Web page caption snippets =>
--------------------

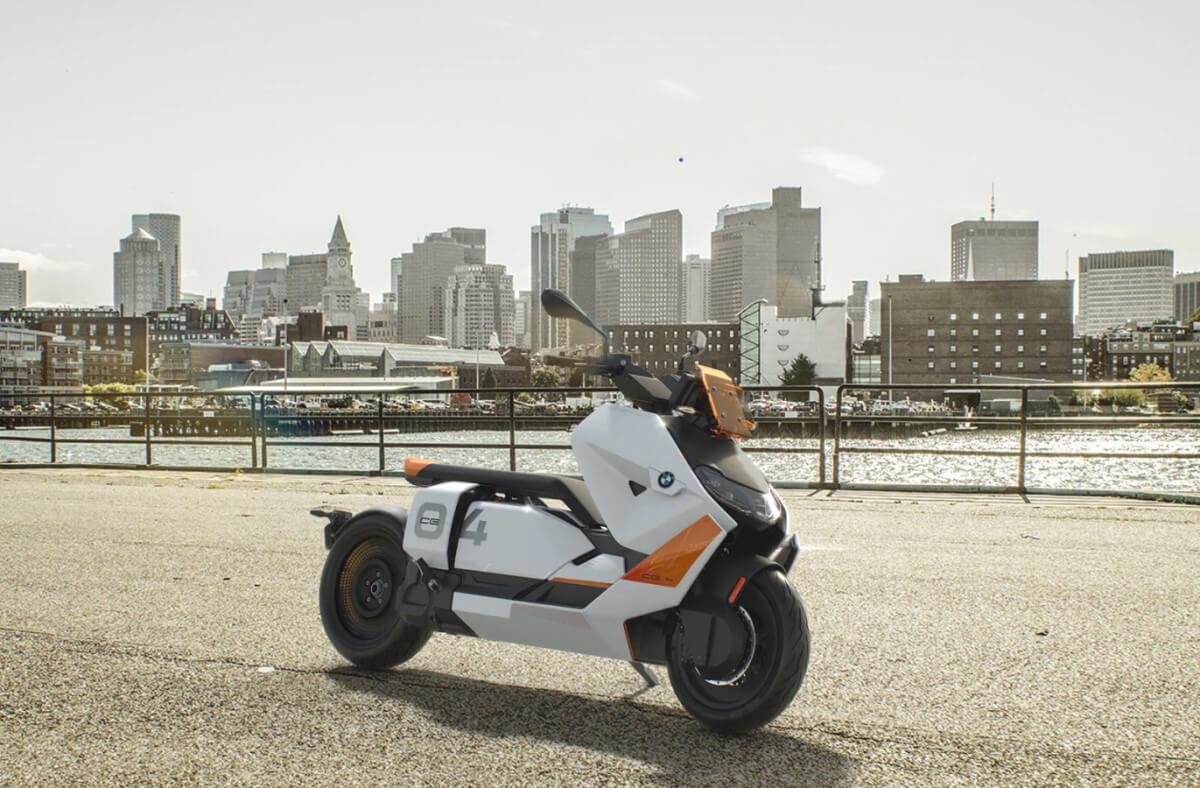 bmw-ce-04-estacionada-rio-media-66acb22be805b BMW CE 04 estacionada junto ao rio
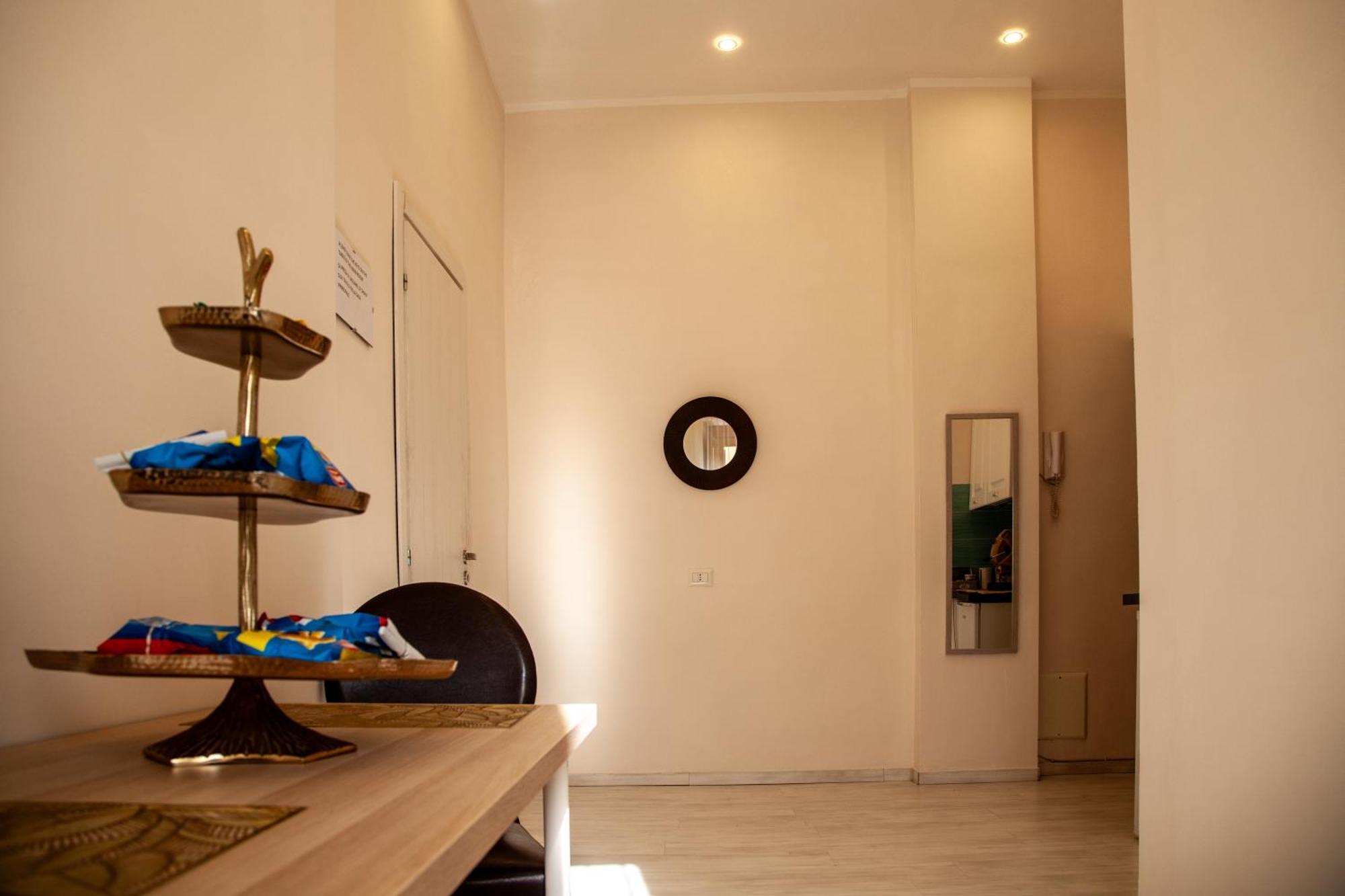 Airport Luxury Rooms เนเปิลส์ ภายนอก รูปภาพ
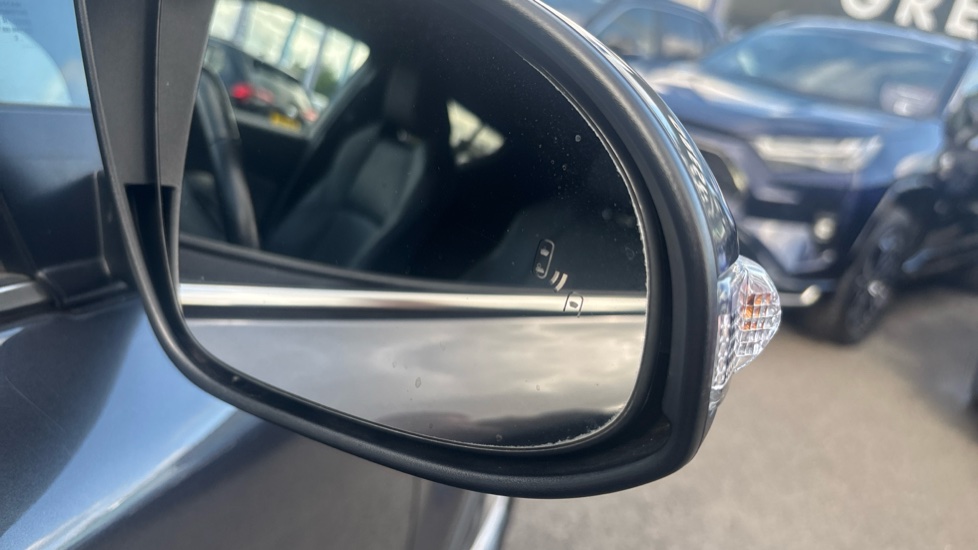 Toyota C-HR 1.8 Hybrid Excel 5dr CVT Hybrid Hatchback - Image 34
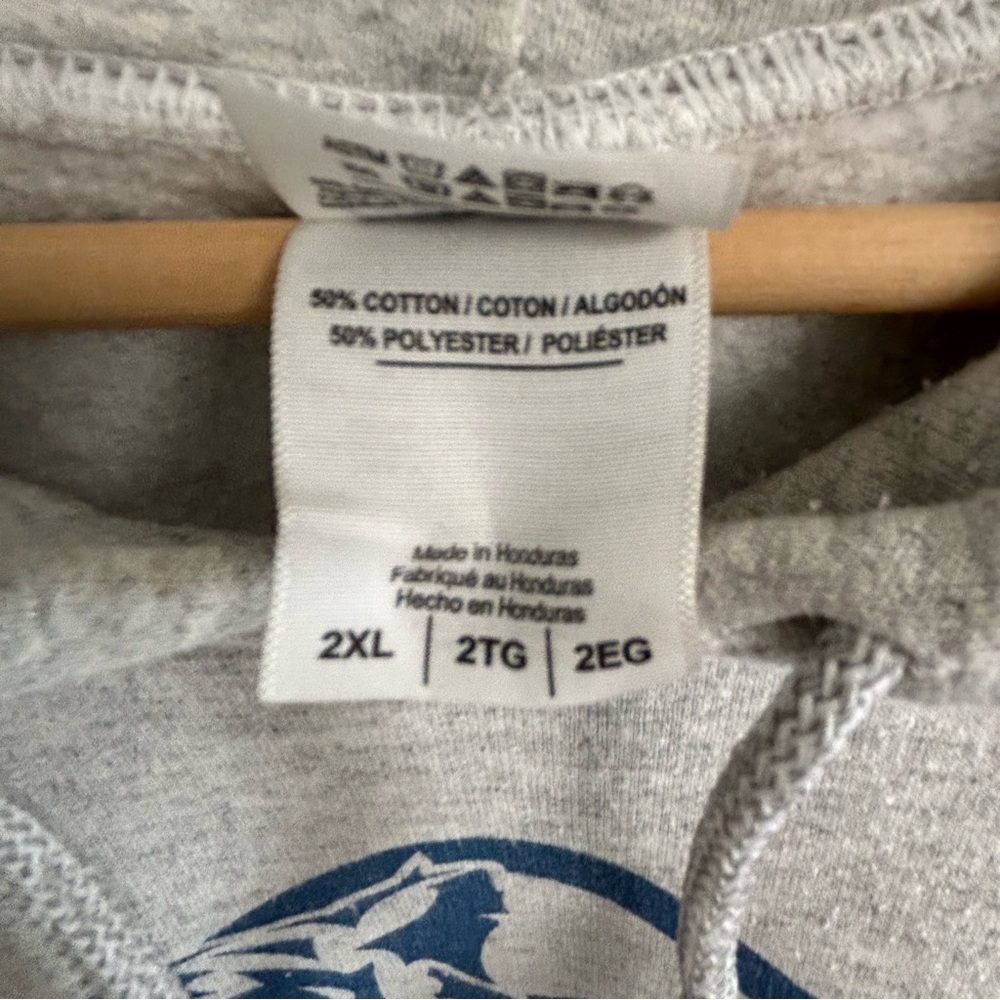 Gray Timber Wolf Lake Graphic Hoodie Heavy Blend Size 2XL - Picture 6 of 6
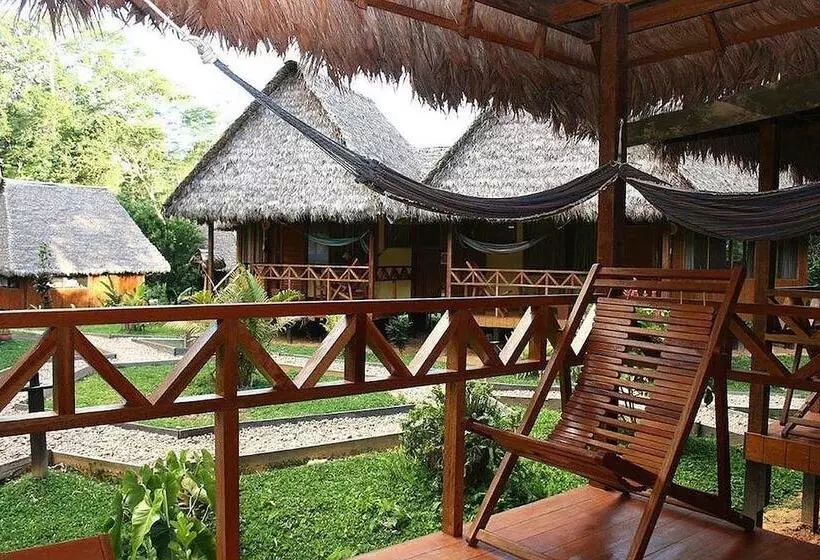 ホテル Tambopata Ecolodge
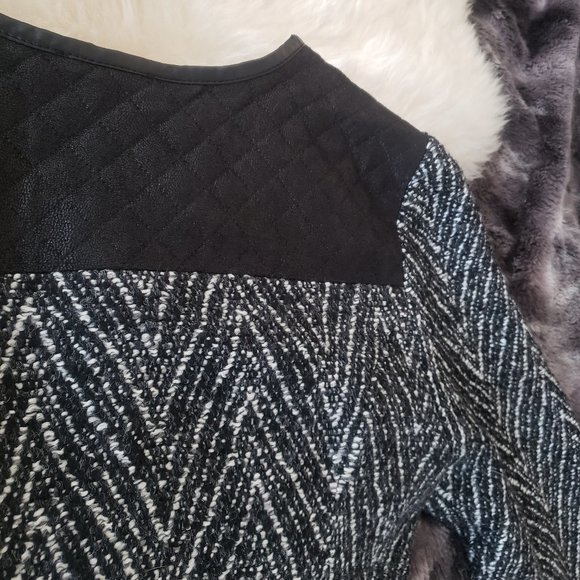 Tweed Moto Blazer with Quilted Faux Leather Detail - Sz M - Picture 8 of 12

--------------------

Assignment => Only one thing is required: an exact printout of the lines from the line containing "Toyota C-HR 1.8" through the last line of the records, pictures excluded.

Completed task =>
 Toyota C-HR 1.8 Hybrid Excel 5dr CVT Hybrid Hatchback - Image 34
 Gray Timber Wolf Lake Graphic Hoodie Heavy Blend Size 2XL - Picture 6 of 6
 ホテル Tambopata Ecolodge
 Tweed Moto Blazer with Quilted Faux Leather Detail - Sz M - Picture 8 of 12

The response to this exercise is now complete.